Kennedy’s assassination in 1963 could have derailed or delayed success, but Johnson proved to be just as fervent an advocate of the space program.
Under his watch, NASA’s budget consumed 4.6 percent of the annual federal budget during the peak spending years of the space program. Today, the agency makes up less than one-half of 1 percent.
But public backing for a moon landing in the mid-‘60s was hardly universal. Polls showed support above 50% only at the time of the moon landing itself. The Apollo Program won support from key policy makers because it was viewed as strategically important in trying to stay ahead of the Soviet Union.
“Everybody talks about how much political support the Apollo program had (but) it was a fight year in and year out to keep that program alive because it was expensive and there was a risk,” Bridenstine said. “People were saying what do we achieve by doing this?”

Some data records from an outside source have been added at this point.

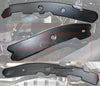 Toyota Hilux (2005-2015) PSR  N70 05-15 Weld On Chassis Brace Kit (3 Plates)(Dual Cab)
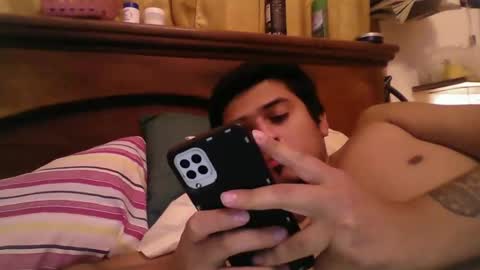 alanargenttt25 online show from February 2, 4:15 am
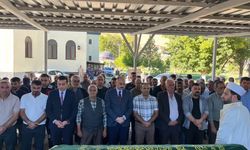 Şehit Annesi Gülten Artuç Son Yolculuğuna Uğurlandı
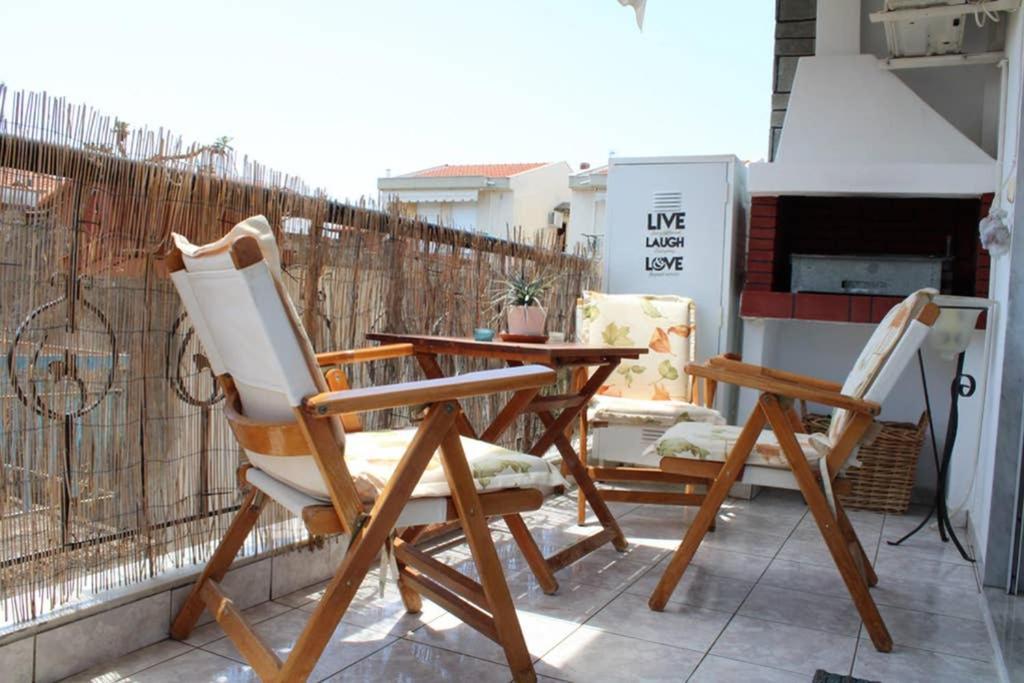 Holiday Apartment Flogita Ngoại thất bức ảnh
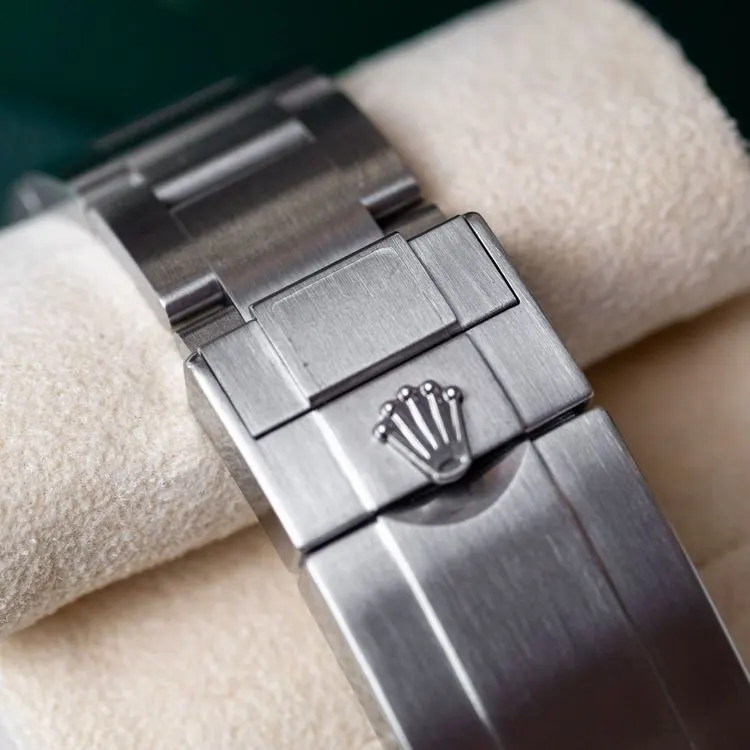 Sea-Dweller 116600 Acier "SD4000" – 2017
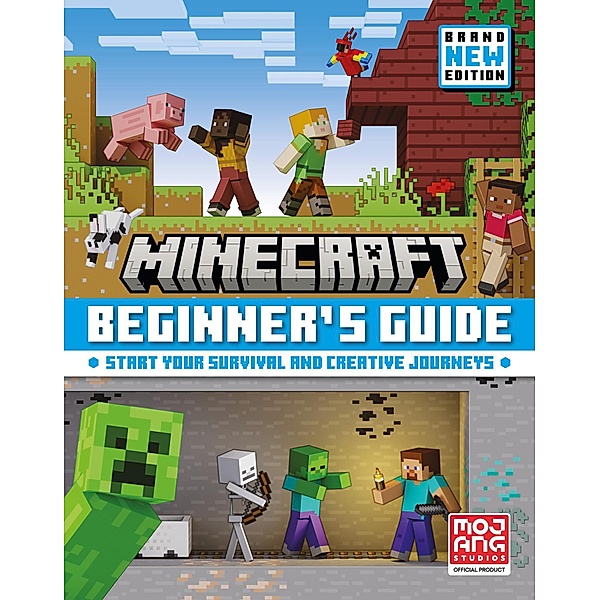 Minecraft Beginner's Guide All New edition, Mojang AB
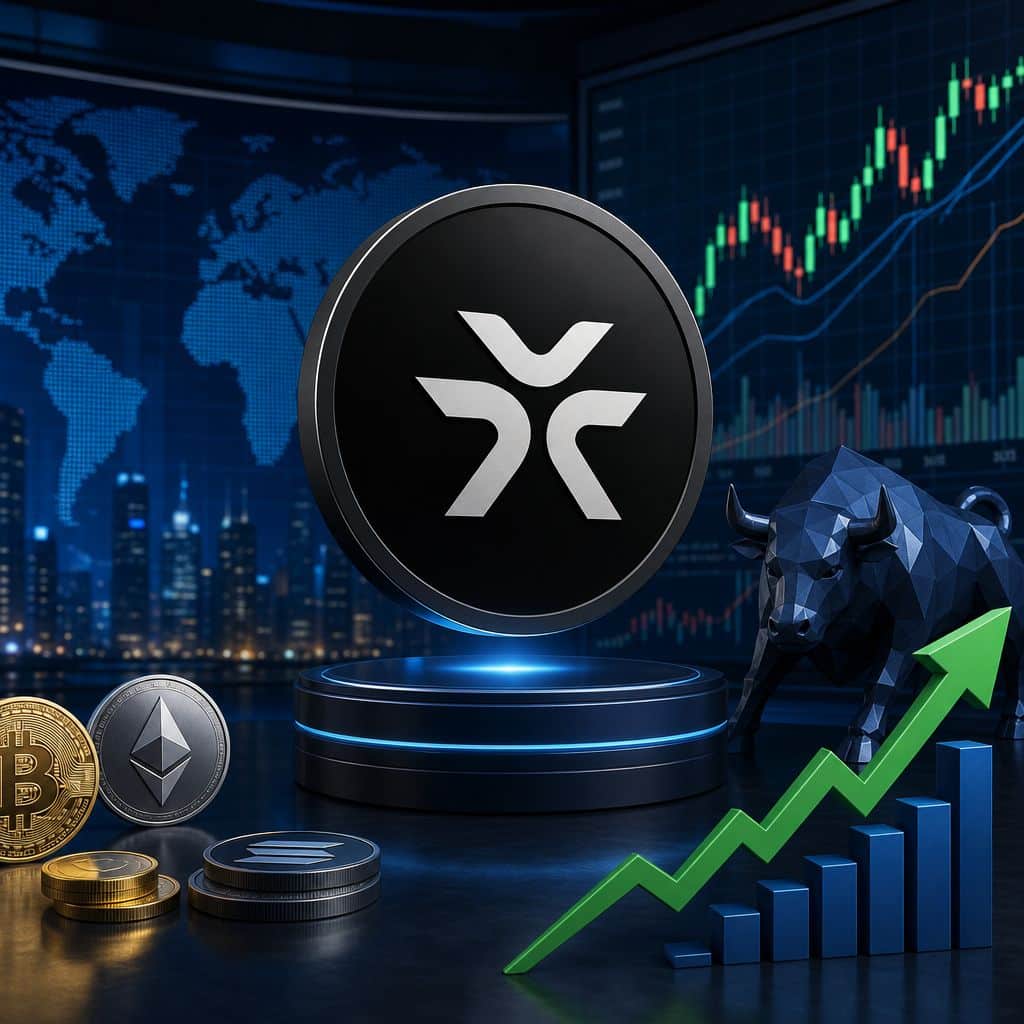 ارتفاع DeXe بنسبة 11.16% مع انتعاش العملات الرقمية البديلة – التحركات اليومية في 25 مايو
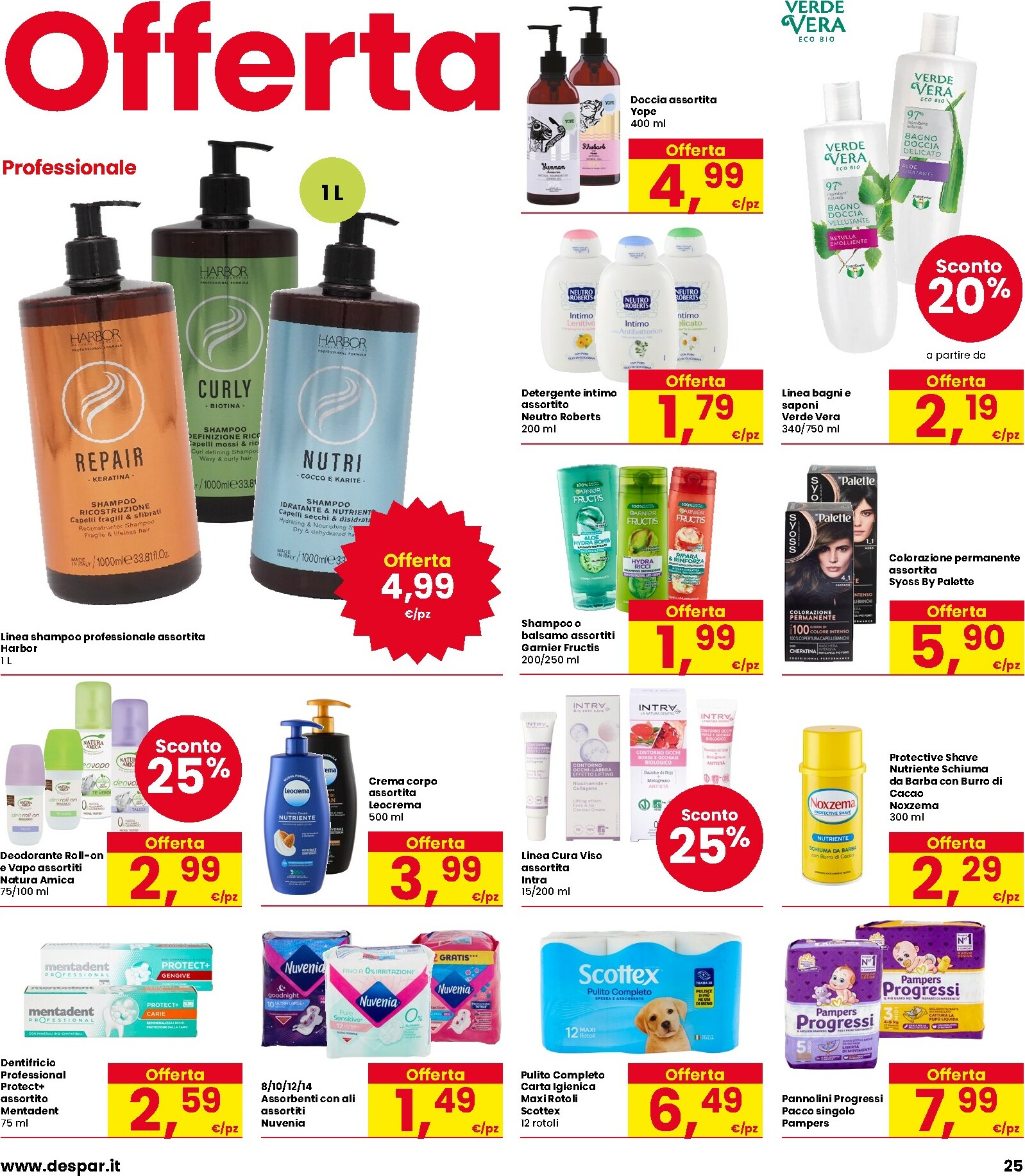 interspar - Volantino INTERSPAR valido dal 12/02/2026 al 25/02/2026 - page: 25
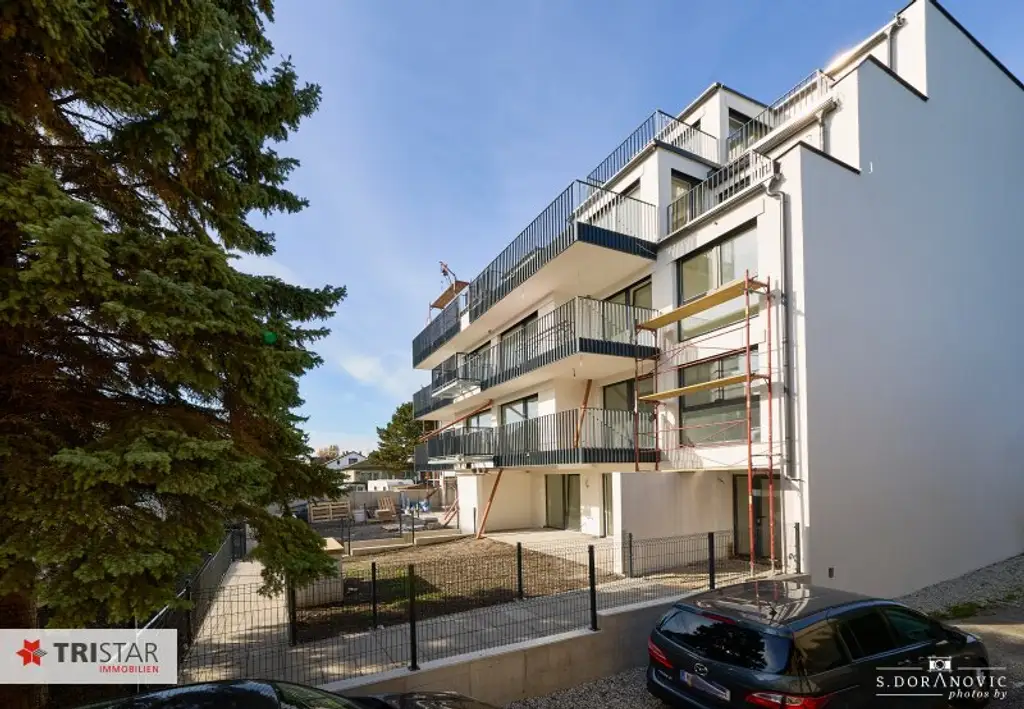 ‼️ AKTION ‼️ ++ 19 EIGENTUMSWOHNUNGEN ++ SCHLÜSSELFERTIG ++ URBAN + NATUR ++ ZWISCHEN SEESTADT UND LOBAU ++ 1220 WIEN ++  ++ BALKON / TERRASSE / LOGGIA / GARTEN / KELLER ++ 2–4 ZIMMER ++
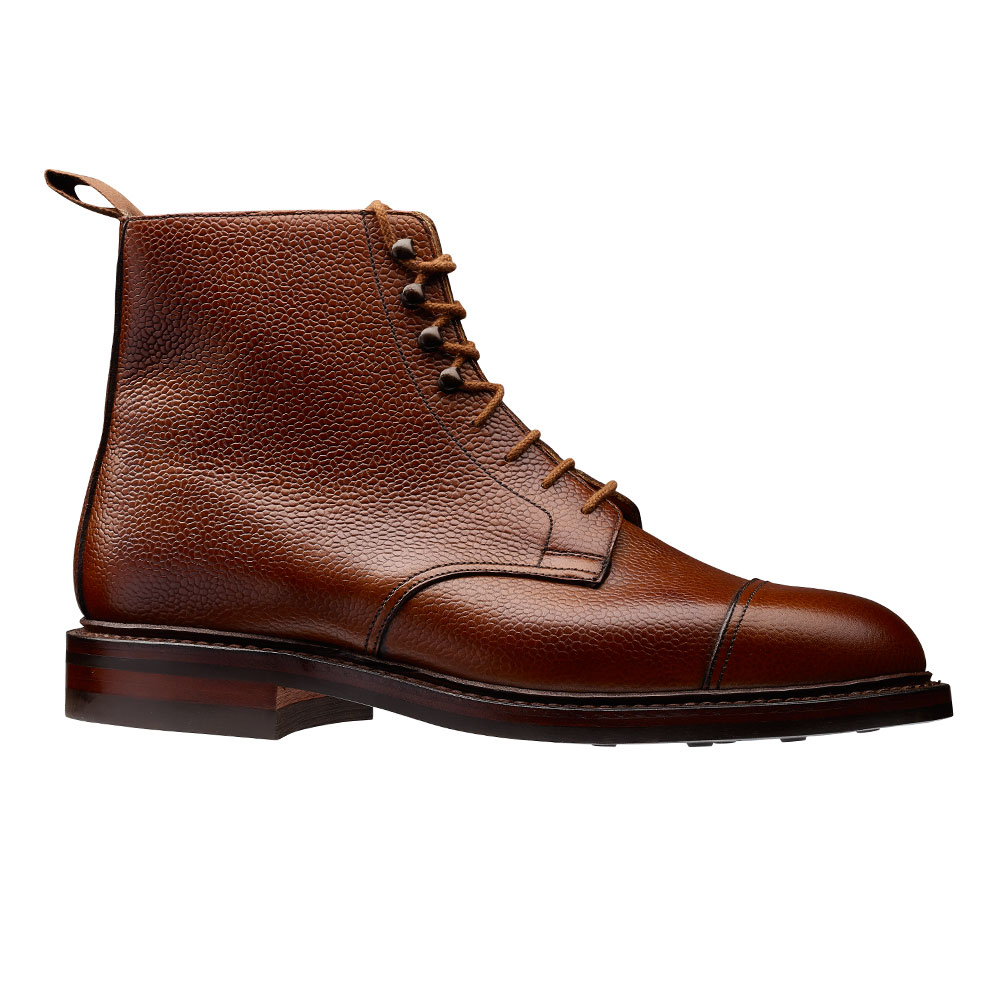 Coniston. Tan Scotch Grain - 3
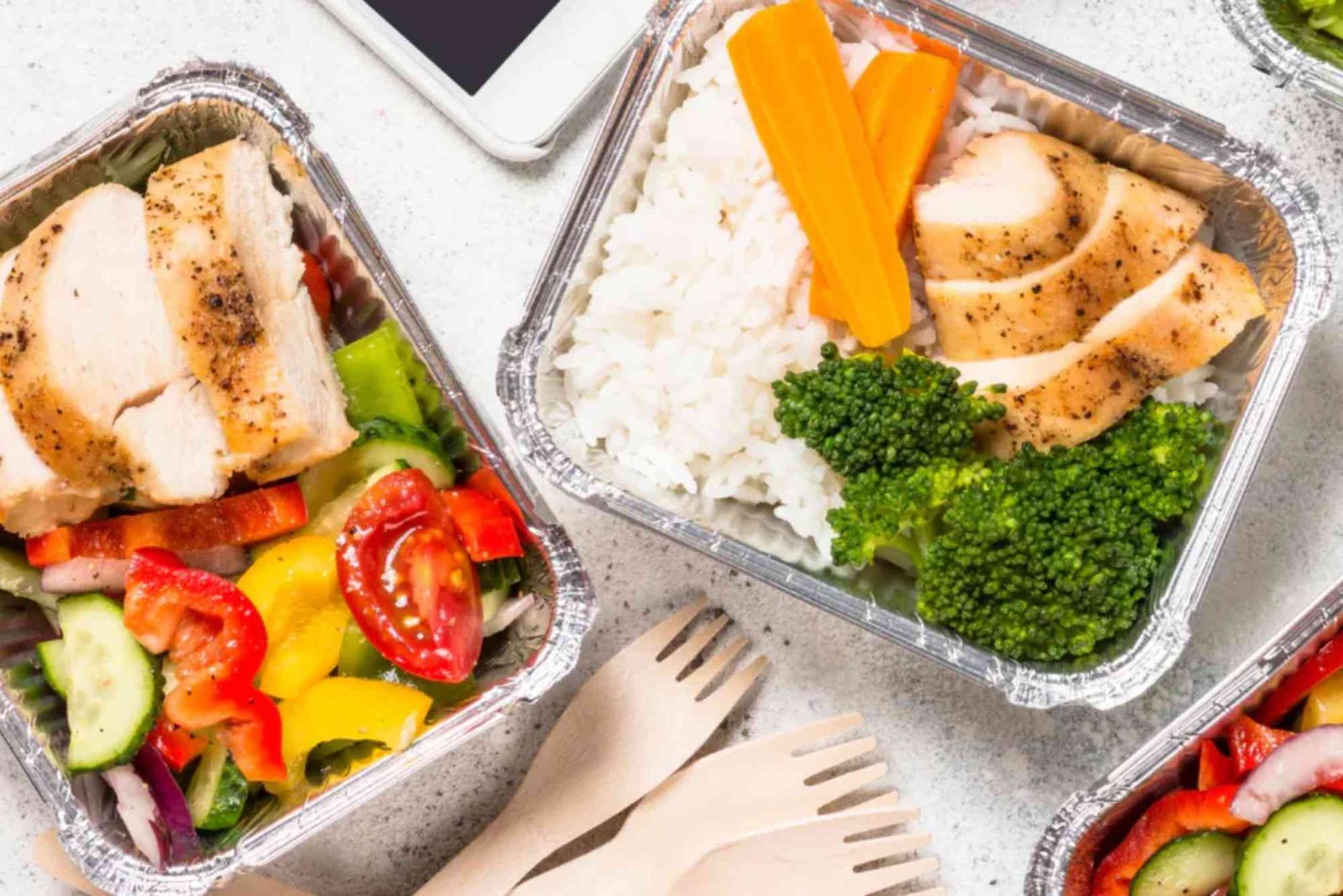 Best Food Ideas for Quick Workday Lunches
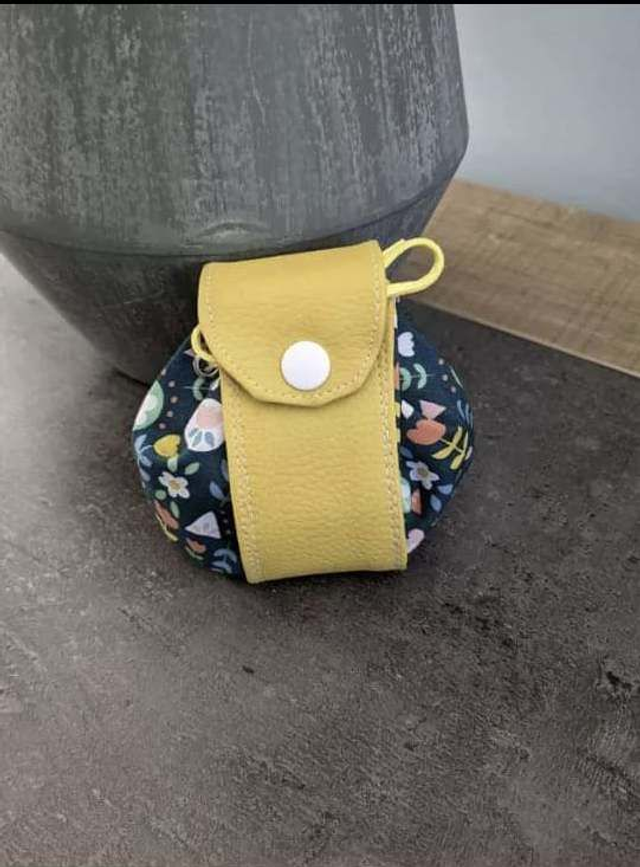 Porte monnaie bourse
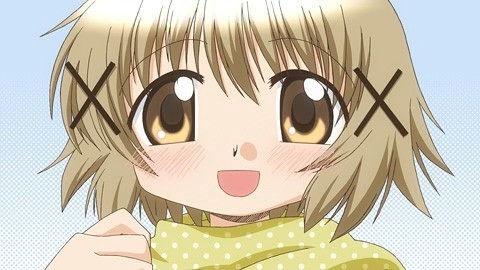 Hidamari Sketch Season 2 Episode 13 - January 10th: Welcome Back! Ume-sensei!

There were serious, sometimes tragic, setbacks along the journey.
The Apollo 1 fire on Jan. 27, 1967 as the rocket sat on the launchpad at Kennedy Space Center, killed astronauts Virgil “Gus” Grissom, Edward White and Roger Chaffee and destroyed the space module.
The disaster, caused by a short circuit in the electrical system and exacerbated by the oxygen-rich capsule that fueled the fire’s intensity, forced NASA to overhaul safety protocols. The next crewed mission – Apollo 7 – would not occur for 18 months.
Apollo 6, an unmanned mission that flew on a Saturn V rocket in April 1968, encountered numerous problems of its own: unexpected up-and-down shaking, dubbed the “pogo effect” shortly after launch; premature shutdown of two of the five engines during the second stage burn; and a failure of the third stage to restart.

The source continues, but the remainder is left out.